9. M/s. Niton Industrial Corporation and M/s. Niton Industries both filed copies of their balance-sheets up to year 1986-87 before the Regional Provident Fund Commissioner. They also further intimated that they had filed Writ Petition No. 3769 of 1988, and Writ Petition No. 3716 of 1988 in the Bombay High Court, which were subsequently withdrawn by them vide order dated 9th March, 1989 passed by this Court on the request of the establishment. It was submitted by the representative appearing for the establishment that the dispute might be resolved on the basis of submissions and documents in the proceedings filed before the Regional Provident Fund Commissioner. He also filed copy of the order dated 10th July, 1990 passed by the Industrial Court, Bombay in Complaint No. 604 of 1990 filed by the employees' union.
10. The learned Regional Provident Fund Commissioner, Maharashtra and Goa, after perusing all the documents, which were placed before him, and after hearing all the sides, came to the conclusion that M/s.

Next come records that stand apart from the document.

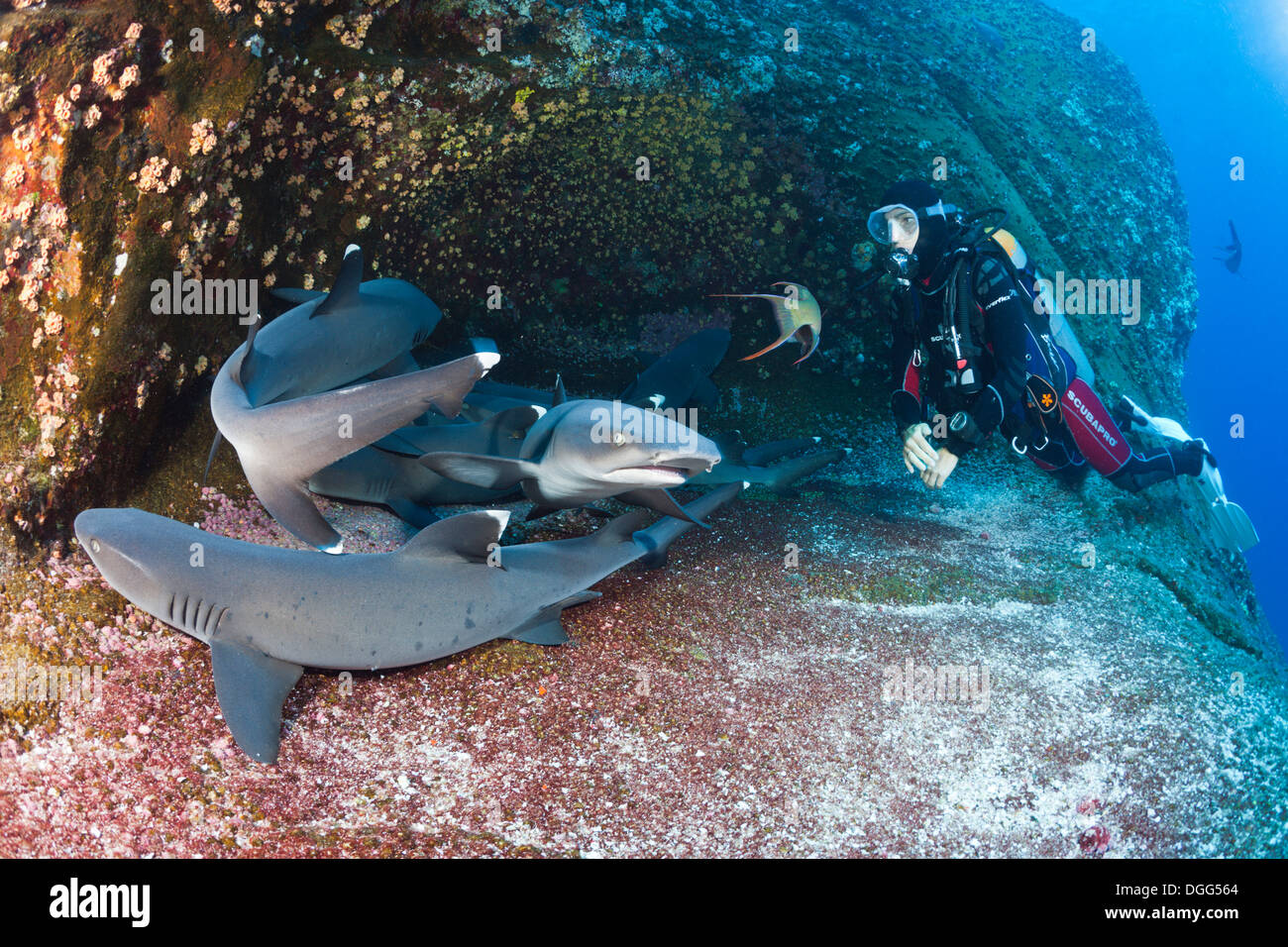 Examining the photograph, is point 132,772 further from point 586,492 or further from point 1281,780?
point 1281,780

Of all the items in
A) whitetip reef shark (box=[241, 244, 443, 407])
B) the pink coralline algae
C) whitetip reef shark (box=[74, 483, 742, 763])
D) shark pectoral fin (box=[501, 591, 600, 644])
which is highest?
whitetip reef shark (box=[241, 244, 443, 407])

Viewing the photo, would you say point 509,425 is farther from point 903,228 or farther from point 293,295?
point 903,228

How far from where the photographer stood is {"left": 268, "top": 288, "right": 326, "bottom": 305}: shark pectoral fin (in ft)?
14.5

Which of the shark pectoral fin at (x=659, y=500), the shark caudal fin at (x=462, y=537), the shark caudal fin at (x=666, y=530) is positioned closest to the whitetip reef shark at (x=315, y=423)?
the shark caudal fin at (x=462, y=537)

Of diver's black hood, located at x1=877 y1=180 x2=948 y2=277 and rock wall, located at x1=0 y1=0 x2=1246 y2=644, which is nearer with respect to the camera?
rock wall, located at x1=0 y1=0 x2=1246 y2=644

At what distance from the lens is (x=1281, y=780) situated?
358cm

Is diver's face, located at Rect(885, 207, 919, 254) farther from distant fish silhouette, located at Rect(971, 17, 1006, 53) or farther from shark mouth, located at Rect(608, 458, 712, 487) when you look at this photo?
distant fish silhouette, located at Rect(971, 17, 1006, 53)

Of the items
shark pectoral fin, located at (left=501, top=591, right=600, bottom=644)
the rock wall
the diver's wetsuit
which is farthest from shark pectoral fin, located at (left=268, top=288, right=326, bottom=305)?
the diver's wetsuit

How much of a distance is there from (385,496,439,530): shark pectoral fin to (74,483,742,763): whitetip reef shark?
3.05 ft

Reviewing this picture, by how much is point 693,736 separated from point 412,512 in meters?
2.13

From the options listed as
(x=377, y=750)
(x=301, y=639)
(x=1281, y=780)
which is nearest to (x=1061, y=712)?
(x=1281, y=780)

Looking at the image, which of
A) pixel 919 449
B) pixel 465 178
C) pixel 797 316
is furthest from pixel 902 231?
pixel 465 178

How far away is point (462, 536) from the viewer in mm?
3109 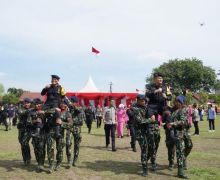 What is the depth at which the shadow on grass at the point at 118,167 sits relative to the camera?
1041 cm

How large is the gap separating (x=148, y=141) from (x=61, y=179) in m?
2.52

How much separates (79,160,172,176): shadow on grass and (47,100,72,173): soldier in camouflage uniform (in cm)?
116

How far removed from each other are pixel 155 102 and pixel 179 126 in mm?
971

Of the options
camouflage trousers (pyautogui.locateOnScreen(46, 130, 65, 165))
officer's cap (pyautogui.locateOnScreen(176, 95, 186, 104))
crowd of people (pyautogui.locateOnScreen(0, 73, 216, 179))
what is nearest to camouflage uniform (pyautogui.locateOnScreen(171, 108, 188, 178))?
crowd of people (pyautogui.locateOnScreen(0, 73, 216, 179))

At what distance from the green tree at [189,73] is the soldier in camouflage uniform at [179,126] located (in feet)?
247

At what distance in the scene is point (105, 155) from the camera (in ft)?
44.2

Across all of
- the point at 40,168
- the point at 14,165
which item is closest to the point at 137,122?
the point at 40,168

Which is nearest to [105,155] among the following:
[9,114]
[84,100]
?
[9,114]

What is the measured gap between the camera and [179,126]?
9.80 metres

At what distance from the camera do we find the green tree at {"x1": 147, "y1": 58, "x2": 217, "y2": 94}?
85.6 meters

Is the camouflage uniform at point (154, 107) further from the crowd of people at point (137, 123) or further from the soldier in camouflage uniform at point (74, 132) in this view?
the soldier in camouflage uniform at point (74, 132)

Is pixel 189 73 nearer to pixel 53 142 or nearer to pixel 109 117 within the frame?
pixel 109 117

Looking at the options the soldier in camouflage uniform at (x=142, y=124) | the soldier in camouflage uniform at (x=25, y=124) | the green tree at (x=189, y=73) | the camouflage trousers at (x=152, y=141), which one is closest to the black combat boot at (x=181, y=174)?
the soldier in camouflage uniform at (x=142, y=124)

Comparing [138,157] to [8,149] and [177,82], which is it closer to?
[8,149] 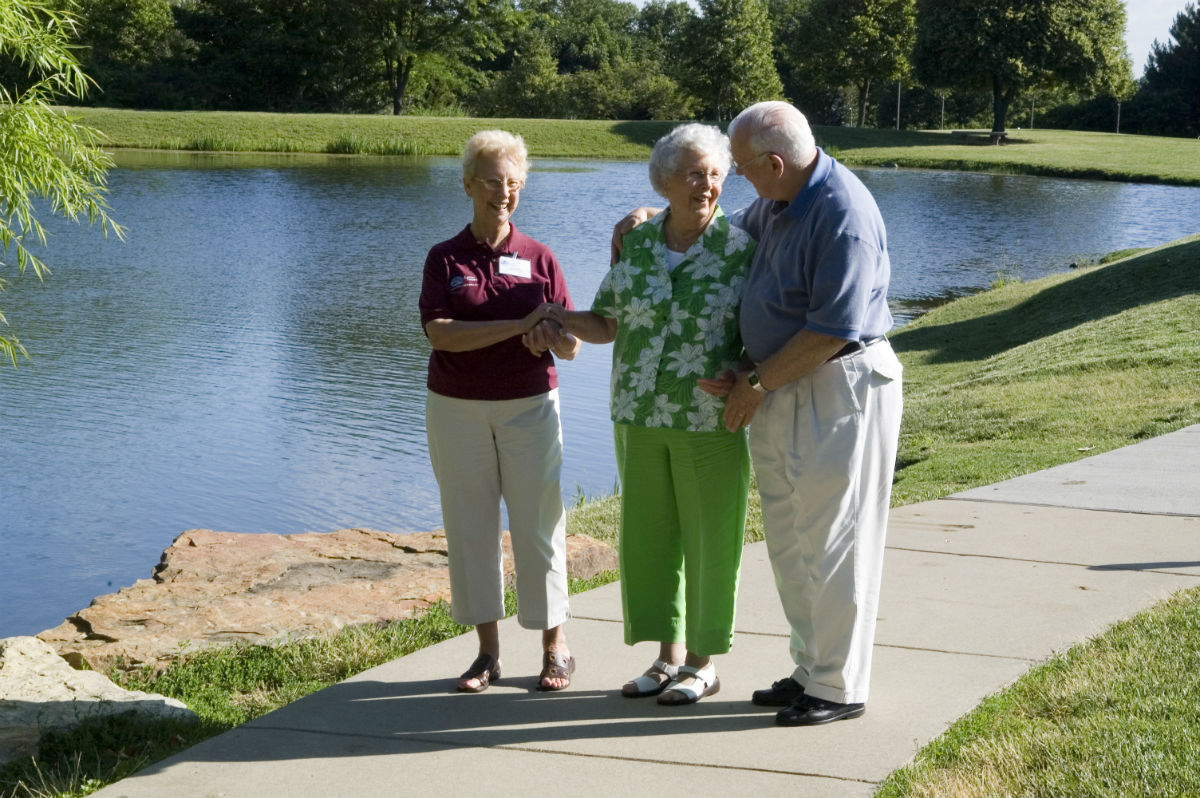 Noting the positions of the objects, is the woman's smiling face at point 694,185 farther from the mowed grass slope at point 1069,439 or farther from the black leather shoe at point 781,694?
the mowed grass slope at point 1069,439

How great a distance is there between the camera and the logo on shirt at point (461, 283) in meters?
4.27

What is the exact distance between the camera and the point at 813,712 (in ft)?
12.7

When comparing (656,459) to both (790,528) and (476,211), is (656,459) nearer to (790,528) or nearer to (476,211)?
(790,528)

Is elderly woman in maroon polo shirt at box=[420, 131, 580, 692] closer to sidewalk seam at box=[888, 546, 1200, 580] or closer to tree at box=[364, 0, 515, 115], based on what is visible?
sidewalk seam at box=[888, 546, 1200, 580]

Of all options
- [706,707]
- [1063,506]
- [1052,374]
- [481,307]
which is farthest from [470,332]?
[1052,374]

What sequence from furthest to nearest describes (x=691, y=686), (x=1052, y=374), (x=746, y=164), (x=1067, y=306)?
(x=1067, y=306) < (x=1052, y=374) < (x=691, y=686) < (x=746, y=164)

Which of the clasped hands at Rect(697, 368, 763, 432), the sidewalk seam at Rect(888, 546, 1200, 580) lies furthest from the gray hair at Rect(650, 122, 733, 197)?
the sidewalk seam at Rect(888, 546, 1200, 580)

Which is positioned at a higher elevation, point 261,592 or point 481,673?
point 481,673

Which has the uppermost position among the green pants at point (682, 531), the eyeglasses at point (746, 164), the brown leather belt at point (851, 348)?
the eyeglasses at point (746, 164)

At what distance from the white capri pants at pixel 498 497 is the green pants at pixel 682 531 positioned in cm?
30

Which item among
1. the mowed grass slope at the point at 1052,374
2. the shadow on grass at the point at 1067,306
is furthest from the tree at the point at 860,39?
the shadow on grass at the point at 1067,306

Niton Industrial Corporation and M/s. Niton Industries, were nothing but formed part of the covered establishment namely, Inventa Valve Industries (Bombay) Private Limited, and that, they altogether constituted one integral whole for the purpose of extending the benefits of the Act. According to him, there was a clear nexus between all these establishments, in as much as there was common management, common partners/directors, and that, there was financial integrality. According to him, there was total interdependency in management, control and finance, and although these establishments were seemingly different, they constituted one integral whole and that, it was only a devise adopted by the management to establish separate set ups to take advantage of various legislations and to evade from the liabilities arising out of the various Statutes. He further observed that it was a clear case of subterfuge, so as to get away from the clutches of the Social Security Legislation like the Employee's Provident Funds and Miscellaneous Provisions Act, 1952. Observing this, the Regional Provident Fund Commissioner held that Department, therefore, rightly required the establishment namely Inventa Valves Industries (Bombay) Private Limited to comply with the provisions of the Act and the Scheme in respect of the employees engaged in the other two establishments namely, M/s. Niton Industrial Corporation and M/s. Niton Industries. Thereafter, he adjourned the matter tilt 15th October, 1992 for determination of the dues for the period of 1st July, 1981 and onwards, in respect of the other two establishments.
11. Being aggrieved by the impugned order of the Regional Provident Fund Commissioner, M/s. Niton Industries filed Writ Petition No. 2781 of 1992 and M/s. Niton Industrial Corporation filed Writ Petition No. 918 of 1993, which were heard by the learned Single Judge of this Court, who by his common judgment and order, dismissed both the writ petitions and upheld the finding of the Regional Provident Fund Commissioner. Being aggrieved by this order of the learned Single Judge, both the establishments have filed two separate appeals which can be disposed of by this common judgment and order.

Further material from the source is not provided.